FOOD AND EFFICIENCY
By B. SEEBOHM ROWNTREE
IT has always been true that " an army marches on its stomach." If men are to fight well they must have adequate supplies of the right kind of food. In the Crimean War the soldiers died like flies from disease, not because they were underfed but because they were wrongly fed. Nothing was known then of protective foods, and little more was known so recently as thirty years ago. But today we know that certain vitamins and mineral salts are essential not only to health and vigour but to life itself, and the diet of the soldiers supplies these in adequate quantities.

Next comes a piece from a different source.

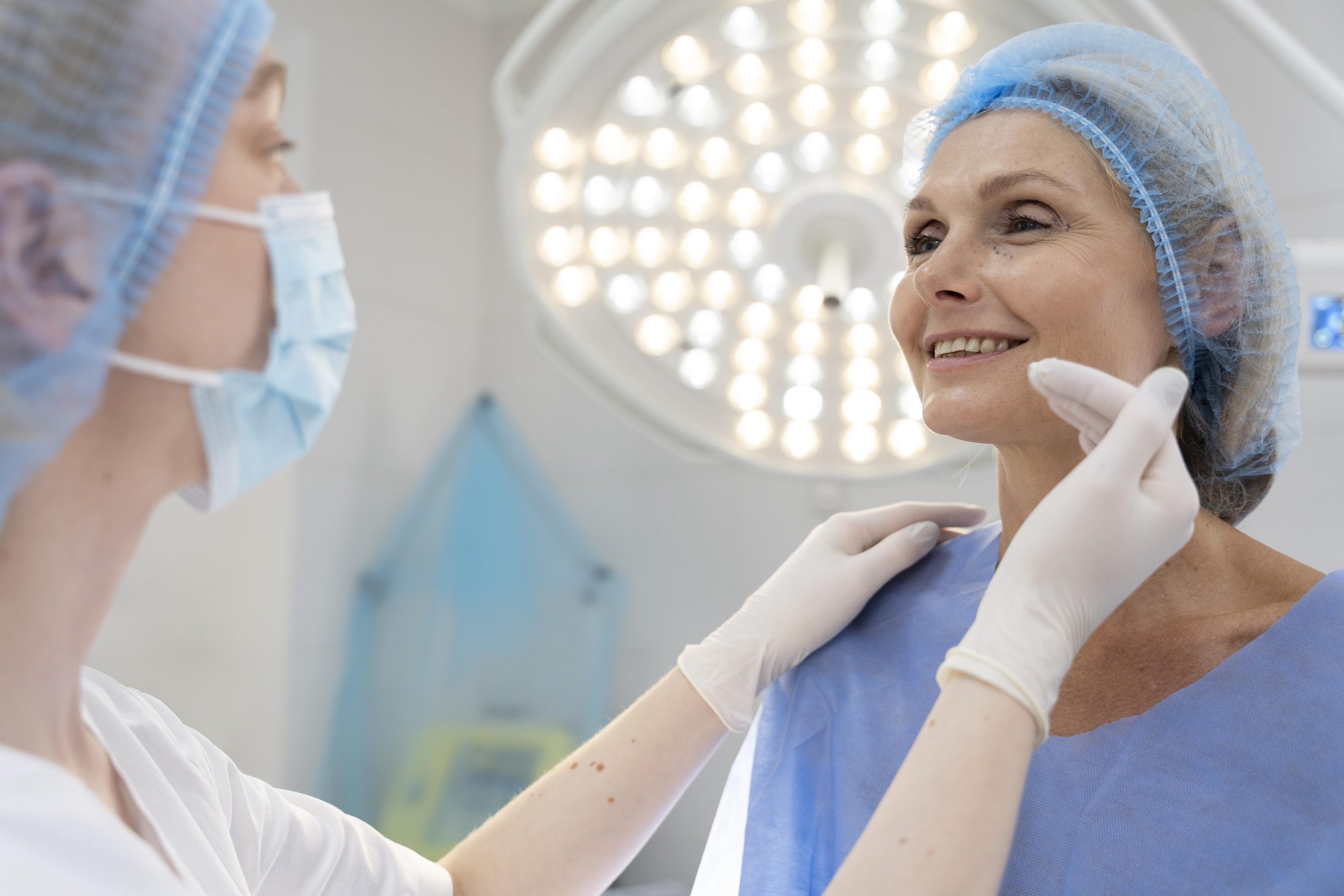 ¡OJO! Esto es lo que debes saber si piensas publicar fotos del “antes y después” de tus pacientes mostrando partes de su cuerpo sin su consentimiento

But this is a totalitarian war and an adequate diet for the fighting forces is scarcely more important than for the millions working in factories, in the fields, in the mines and in transporting goods on sea and land. Even this, however, is not enough, for behind the fighting forces and the workers are their wives and children and the old folk past work. If they lack adequate food they will become enfeebled not only in body but in mind and spirit. Should this occur in the anxious days which lie ahead of us they will lose heart, and no system of vigorous censorship can prevent the fact from becoming known to the men at the front. That happened in Germany in 1918 and destroyed the morale of the soldiers. It must not happen here. Purely as an important war measure, if for no other reason, we must see that the whole population is supplied with the food necessary, not merely for subsistence but for health.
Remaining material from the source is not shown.